2.2.1. Data Acquisition and Processing

Panoramic Data Acquisition

This study utilized an Insta360 Pro2 professional six-lens panoramic camera system (Arashi Vision Inc., Shenzhen, China) for the digital acquisition of the heritage spaces. Data collection was conducted during the stable spring phenological period (25–27 April 2024) in three Xishu Gardens: the Du Fu Thatched Cottage, San Su Shrine, and Wangjiang Tower Park. To approximate a typical human eye-level perspective, the capture height was uniformly set at 150 cm. Data were acquired during low visitation periods before and after the official opening hours (07:30–10:00 and 16:30–19:00) to minimize visitor interference and illumination fluctuations.
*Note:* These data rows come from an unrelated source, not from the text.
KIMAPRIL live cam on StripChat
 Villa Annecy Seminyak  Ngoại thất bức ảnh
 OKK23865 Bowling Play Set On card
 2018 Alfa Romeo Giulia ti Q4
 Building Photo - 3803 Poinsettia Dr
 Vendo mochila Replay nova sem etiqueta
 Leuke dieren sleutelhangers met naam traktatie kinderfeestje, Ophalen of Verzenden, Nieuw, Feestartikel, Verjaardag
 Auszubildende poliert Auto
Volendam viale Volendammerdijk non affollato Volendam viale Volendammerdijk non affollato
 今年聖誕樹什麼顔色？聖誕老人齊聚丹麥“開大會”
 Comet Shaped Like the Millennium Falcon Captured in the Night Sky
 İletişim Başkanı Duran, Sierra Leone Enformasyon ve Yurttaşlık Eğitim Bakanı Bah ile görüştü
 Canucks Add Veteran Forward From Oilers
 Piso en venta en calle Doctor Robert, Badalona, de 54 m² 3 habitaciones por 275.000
As shown in Figure 3, the spatial sampling point layout included the following: 88 viewpoints at the DFTC, 86 for SSS, and 70 for WTP. This process ultimately generated high-resolution panoramic sequence models (7680 × 3840 pixels), establishing a high-precision digital foundation that comprehensively covered the entire study area.

Behavioral Data Capture

This study employed the digital tracking of visitor behaviors using a self-developed panoramic twin-roaming web interface. The platform introduced a Behavioral Data Acquisition System (BDAS) built on WebGL technology, thereby synchronously capturing two core behavioral datasets during participants’ free exploration: viewpoint dwell time was measured through timestamp differences between browser ‘window.onload’ and ‘window.onbeforeunload’ events, precisely recording the duration of stay at each panoramic viewpoint; visit path sequences were computed using Dijkstra’s algorithm, which executed topological reconstructions of discrete viewpoint access records [42], generating complete touring routes. To enhance virtual roaming fluency, the system optimized viewpoint-loading speed via a Content Delivery Network (CDN) and dynamically refined panoramic image resolution using level-of-detail (LOD) technology [43,44]. The platform’s questionnaire system employed background asynchronous loading, thus enabling a temporal–spatial decoupling between evaluation operations and roaming behaviors.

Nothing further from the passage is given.